That rally is expected to include members of the Iranian expatriate community, but also native Frenchmen, members of the French parliament, and other international supporters. The NCRI reported on Monday that a number of French lawmakers had attended a conference on Sunday to express solidarity with the Iranian dissident organization and its cause of calling attention to ongoing human rights abuses and regional destabilization under the Rouhani government.
This represents only a portion of the Western backlash that has developed against the policy of rapprochement that has so far resulted in the July 14 nuclear agreement and the embrace of Rouhani during this week’s visit. The US Congress has arguably led this backlash among Western government institutions, although the Obama administration has conversely led the way in opening up relations with Iran.
On Monday, The Hill reported that Florida Republican Representative Dennis Ross had announced plans to introduce a bill formally rebuking the president for his intention to defy recent legislation barring natives of and visitors to the Islamic Republic from receiving visa waivers from the State Department. Such incidents highlight the strong counter-trends running throughout Western governments with regard to Iran policy.
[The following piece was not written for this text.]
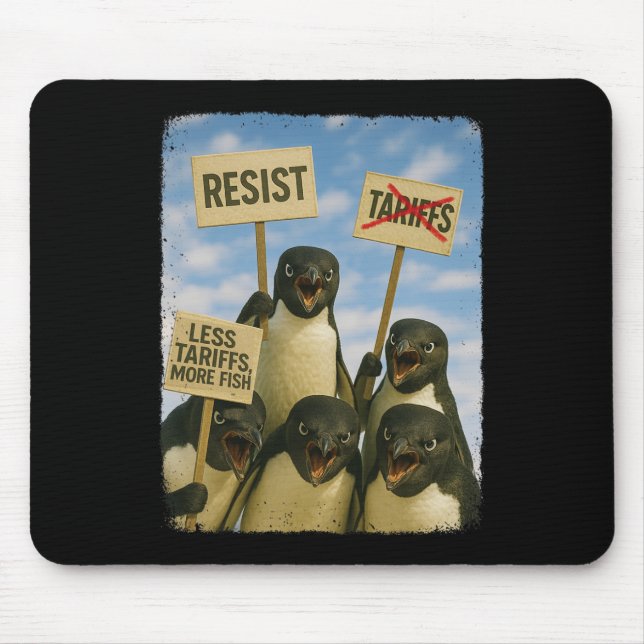 Mousepad Protesto Contra Tarrifs Marcha: Diversão De Ativis (Frente)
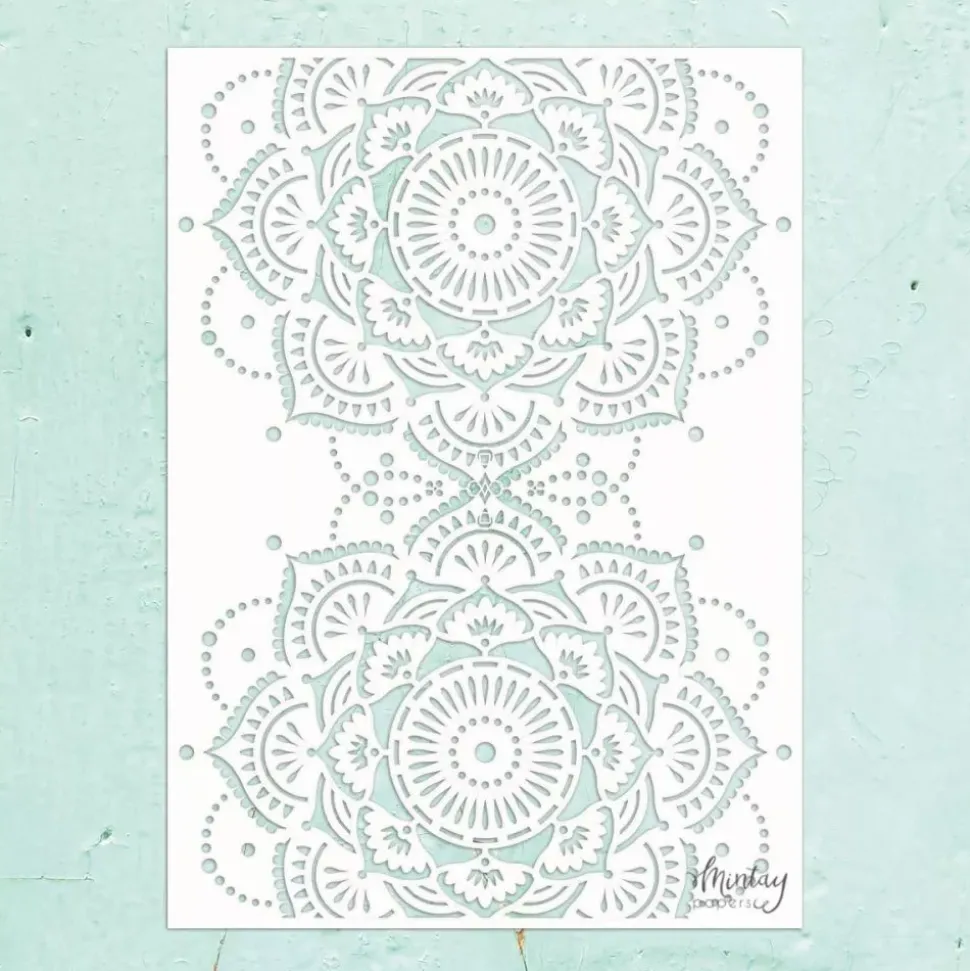 Plantilla de Stencil Kreativa Mandala Mintay 15x20cm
Those counter-trends have also presented themselves in the context of recent development such as last week’s release of four Americans held captive in Iran, in exchange for seven Iranians held by the US. Whereas the Obama administration and its allies have welcomed that exchange as evidence of newfound Iranian willingness to strike deals with its adversaries in the West, critics of rapprochement have seized upon it to highlight the persistence of Iranian abuses in spite of these occasional concessions.
On Monday, an editorial in the Washington Post commented upon the release of that paper’s own journalist, who had been held in Iran for 545 days and falsely convicted of espionage. The article argued that the international attention that had been brought to Rezaian’s case made it convenient for the regime to release him, but that the same could not be said of the great many other journalists imprisoned in the country.